*Exercise aim*: Beginning with the line that contains "Petri: St Peter's Square, Rome, Italy", print each line to the end of the data exactly. Omit the pictures.

(Stored items from a collection)
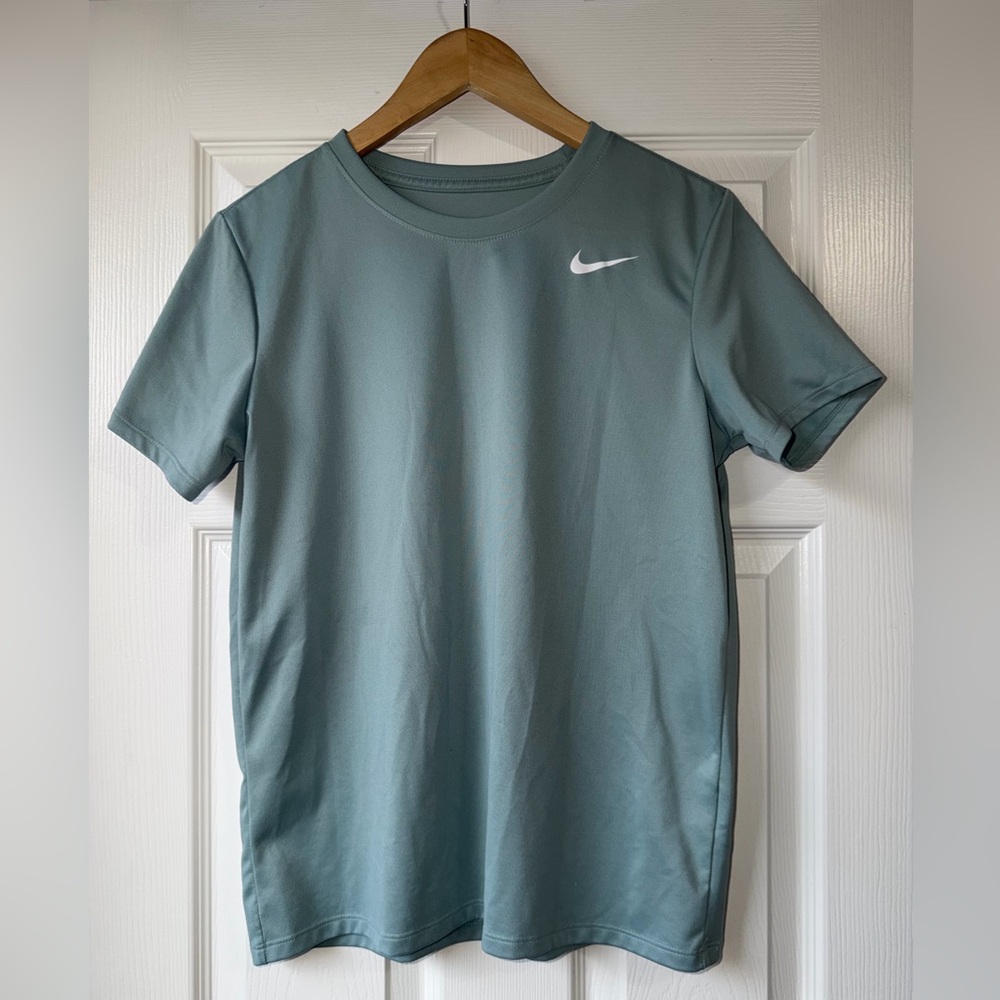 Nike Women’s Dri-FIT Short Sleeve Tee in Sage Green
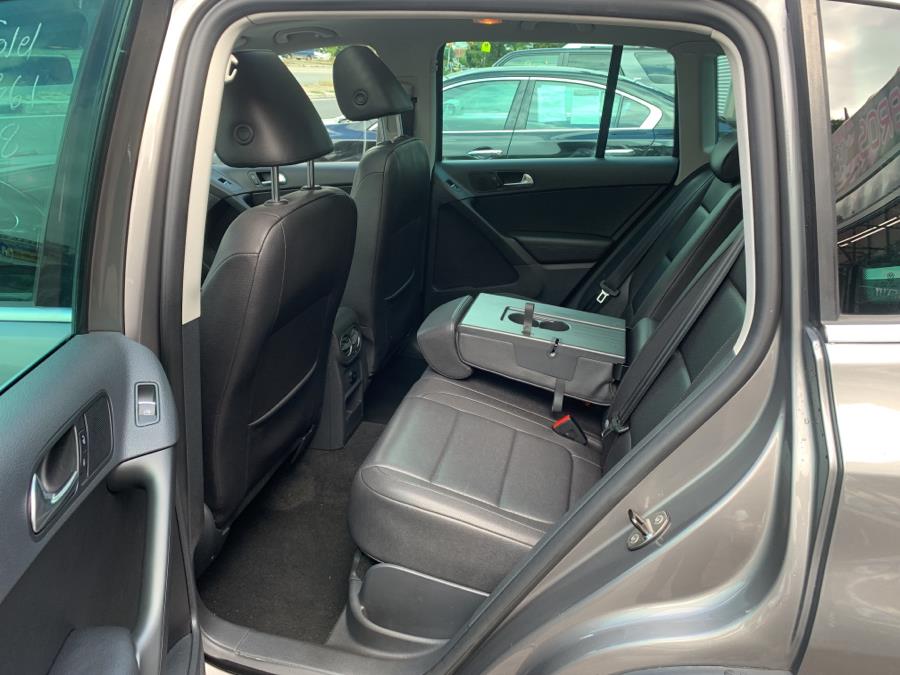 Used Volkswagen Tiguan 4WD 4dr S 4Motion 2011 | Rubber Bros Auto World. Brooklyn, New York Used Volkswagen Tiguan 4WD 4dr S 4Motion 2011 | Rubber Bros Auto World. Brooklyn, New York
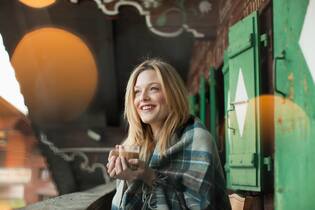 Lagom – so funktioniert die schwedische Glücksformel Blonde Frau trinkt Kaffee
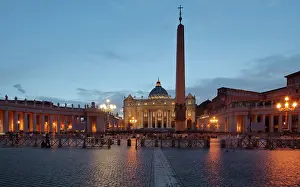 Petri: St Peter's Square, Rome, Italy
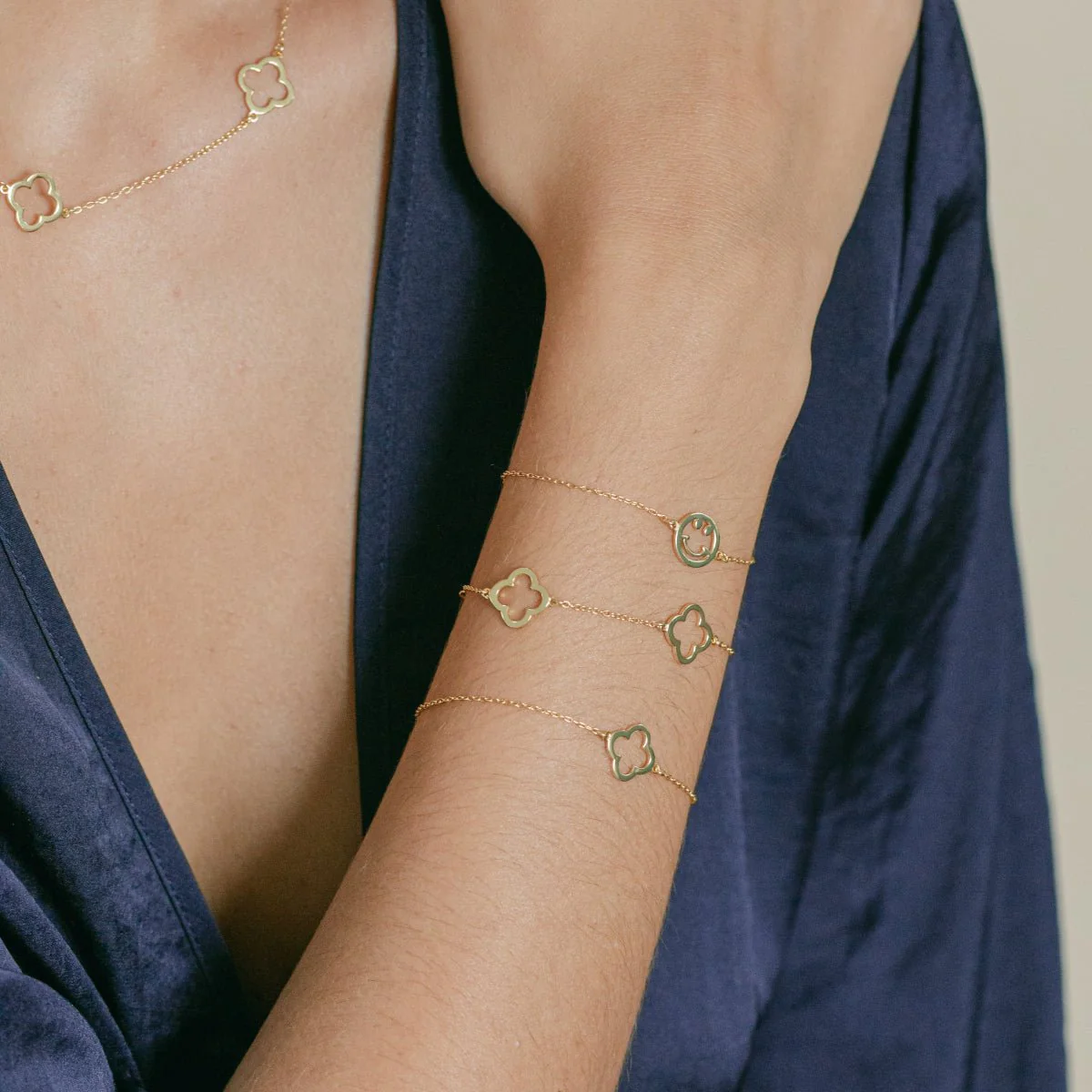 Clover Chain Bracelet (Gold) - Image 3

*Your solution*:
 Petri: St Peter's Square, Rome, Italy
 Clover Chain Bracelet (Gold) - Image 3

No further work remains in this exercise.